During the recent strike wave in France against the Nicolas Sarkozy government’s austerity measures and pension “reform”, demonstrators observed police infiltrating several contingents and carrying out a variety of provocative actions. The police have very conspicuously decided not to deny that they infiltrated the demonstrations.
The dubious role played by some of the rioters in the mass protests has had to be finally acknowledged by the media and leading bourgeois politicians.
A video taken by a Reuters journalist, released on October 16, shows one hooded rioter attacking a store window. “A man tries to stop him, but gets a flying kick in the back by another ‘rioter’ armed with a cosh
, before being surrounded by four or five hooded persons. A few seconds later, the man responsible for the kicking is filmed dispersing demonstrators with the help of his baton”, wrote Le Monde.
Le Monde reported on this video in the article “On the web, more and more questions are being raised about ‘the police rioters’.” The article is linked to a report by a trade unionist who tells of another police infiltration incident at a demonstration, this time in Lyons, in east-central France.
He explains that his “union secretary was in Place Bellecour before the start of the demonstration on October 19 with his firefighter colleagues and groups of young people, when they witnessed verbal and physical aggression against a group of youth by individuals who wore CGT union badges.

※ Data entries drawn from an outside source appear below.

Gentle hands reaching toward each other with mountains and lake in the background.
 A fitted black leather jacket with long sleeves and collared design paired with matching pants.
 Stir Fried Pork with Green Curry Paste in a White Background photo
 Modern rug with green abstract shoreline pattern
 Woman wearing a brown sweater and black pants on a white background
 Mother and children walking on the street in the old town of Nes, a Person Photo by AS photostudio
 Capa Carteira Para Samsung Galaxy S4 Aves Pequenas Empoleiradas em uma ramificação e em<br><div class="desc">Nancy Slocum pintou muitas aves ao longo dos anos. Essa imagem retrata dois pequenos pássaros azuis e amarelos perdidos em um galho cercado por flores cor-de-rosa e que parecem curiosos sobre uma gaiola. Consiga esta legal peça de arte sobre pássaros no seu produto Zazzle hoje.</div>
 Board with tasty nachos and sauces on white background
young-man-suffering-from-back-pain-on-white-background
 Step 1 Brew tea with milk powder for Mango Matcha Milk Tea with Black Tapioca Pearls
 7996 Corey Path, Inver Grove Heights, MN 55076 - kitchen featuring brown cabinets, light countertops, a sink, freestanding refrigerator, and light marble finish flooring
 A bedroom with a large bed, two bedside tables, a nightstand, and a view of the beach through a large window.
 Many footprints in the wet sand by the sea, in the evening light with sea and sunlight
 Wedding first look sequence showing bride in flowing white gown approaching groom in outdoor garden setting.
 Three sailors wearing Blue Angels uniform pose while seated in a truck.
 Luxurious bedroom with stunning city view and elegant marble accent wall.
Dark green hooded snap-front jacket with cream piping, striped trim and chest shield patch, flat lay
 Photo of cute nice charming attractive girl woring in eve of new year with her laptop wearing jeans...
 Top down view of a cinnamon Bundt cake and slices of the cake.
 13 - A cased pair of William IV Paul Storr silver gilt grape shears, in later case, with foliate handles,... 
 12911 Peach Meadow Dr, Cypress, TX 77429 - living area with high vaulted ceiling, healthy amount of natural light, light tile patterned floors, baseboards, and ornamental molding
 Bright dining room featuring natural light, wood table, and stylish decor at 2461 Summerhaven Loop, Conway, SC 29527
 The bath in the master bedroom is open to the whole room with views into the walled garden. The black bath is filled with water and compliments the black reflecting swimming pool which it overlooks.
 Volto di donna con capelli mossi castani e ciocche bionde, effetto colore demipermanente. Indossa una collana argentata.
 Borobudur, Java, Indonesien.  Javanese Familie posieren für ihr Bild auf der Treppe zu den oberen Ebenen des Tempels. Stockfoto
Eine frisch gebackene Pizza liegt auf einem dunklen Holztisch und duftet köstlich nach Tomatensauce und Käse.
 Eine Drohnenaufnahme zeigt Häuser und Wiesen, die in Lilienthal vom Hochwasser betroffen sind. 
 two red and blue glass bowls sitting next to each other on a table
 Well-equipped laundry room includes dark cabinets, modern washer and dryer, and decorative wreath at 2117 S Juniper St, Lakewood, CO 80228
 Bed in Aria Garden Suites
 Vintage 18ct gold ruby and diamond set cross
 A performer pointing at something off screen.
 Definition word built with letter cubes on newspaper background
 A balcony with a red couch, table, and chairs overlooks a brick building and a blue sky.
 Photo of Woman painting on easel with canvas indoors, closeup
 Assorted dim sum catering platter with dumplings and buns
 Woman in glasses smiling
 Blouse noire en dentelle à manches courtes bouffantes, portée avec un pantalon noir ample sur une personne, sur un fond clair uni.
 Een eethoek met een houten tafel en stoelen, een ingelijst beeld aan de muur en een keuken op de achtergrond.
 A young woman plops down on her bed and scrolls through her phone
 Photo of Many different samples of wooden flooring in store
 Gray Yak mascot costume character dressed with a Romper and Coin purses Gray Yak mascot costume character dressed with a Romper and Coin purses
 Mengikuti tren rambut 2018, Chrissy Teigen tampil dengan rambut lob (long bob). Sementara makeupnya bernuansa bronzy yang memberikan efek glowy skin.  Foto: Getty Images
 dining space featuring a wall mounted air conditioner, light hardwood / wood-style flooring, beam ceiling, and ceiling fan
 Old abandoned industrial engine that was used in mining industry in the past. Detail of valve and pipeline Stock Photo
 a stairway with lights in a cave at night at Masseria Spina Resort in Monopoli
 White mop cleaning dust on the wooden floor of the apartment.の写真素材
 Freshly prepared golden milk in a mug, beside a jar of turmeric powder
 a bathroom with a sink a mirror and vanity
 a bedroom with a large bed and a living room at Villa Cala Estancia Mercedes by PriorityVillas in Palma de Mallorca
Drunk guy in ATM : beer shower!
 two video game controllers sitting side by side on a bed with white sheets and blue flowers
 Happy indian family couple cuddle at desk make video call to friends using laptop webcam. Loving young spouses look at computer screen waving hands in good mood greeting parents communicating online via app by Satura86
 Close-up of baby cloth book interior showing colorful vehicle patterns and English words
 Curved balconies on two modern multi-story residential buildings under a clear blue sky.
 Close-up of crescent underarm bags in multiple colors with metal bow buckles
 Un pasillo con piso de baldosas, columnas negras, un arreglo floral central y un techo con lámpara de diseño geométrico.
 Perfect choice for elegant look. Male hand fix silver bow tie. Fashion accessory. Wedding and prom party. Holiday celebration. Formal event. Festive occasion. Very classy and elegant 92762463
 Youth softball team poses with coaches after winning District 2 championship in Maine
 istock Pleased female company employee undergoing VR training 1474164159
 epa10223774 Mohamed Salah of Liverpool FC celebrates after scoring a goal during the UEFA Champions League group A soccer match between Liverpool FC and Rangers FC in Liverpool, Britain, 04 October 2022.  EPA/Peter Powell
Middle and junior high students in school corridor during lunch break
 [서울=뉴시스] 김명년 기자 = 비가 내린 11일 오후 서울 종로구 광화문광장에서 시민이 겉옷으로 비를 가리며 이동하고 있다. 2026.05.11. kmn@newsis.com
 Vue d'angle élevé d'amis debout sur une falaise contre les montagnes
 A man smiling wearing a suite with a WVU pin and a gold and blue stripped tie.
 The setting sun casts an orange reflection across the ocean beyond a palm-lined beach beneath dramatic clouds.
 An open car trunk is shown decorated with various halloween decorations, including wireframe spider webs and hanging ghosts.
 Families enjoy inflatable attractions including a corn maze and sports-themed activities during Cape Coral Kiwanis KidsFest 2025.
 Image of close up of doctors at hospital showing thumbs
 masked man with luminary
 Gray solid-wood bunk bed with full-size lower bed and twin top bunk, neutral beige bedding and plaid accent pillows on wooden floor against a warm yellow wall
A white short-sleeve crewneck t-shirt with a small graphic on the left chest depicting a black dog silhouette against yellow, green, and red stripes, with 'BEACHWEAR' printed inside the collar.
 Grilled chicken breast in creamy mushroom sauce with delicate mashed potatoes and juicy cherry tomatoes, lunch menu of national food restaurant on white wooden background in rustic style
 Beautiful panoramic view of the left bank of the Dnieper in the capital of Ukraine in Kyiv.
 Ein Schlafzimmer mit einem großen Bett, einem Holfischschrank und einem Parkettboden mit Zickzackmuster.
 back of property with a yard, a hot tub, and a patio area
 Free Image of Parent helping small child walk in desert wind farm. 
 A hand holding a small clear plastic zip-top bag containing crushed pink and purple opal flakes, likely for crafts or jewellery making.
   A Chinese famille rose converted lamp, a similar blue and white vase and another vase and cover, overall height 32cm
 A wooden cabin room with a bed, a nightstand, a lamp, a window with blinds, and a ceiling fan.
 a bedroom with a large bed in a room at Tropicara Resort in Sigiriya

“The firefighters intervened and managed to tackle the aggressors, with such success that they were surprised to see these individuals take out their police identity cards to defend themselves, as they were a plainclothes police unit from the BAC ! As a result the firefighters ripped off their CGT badges and told them it would be best for them to quit the scene rapidly, which they did”.
These infiltrations had a political goal: to blow the whistle on supposed “rioters” and thus discredit the demonstrations and opposition to Sarkozy’s austerity policies. The protests are widely supported in France; at the time of writing, 65 percent of the population in polls support further strikes. By making demonstrators appear to be violent and “out of control”, with the aid of the media, the government hoped to turn public opinion against the protesting workers and students.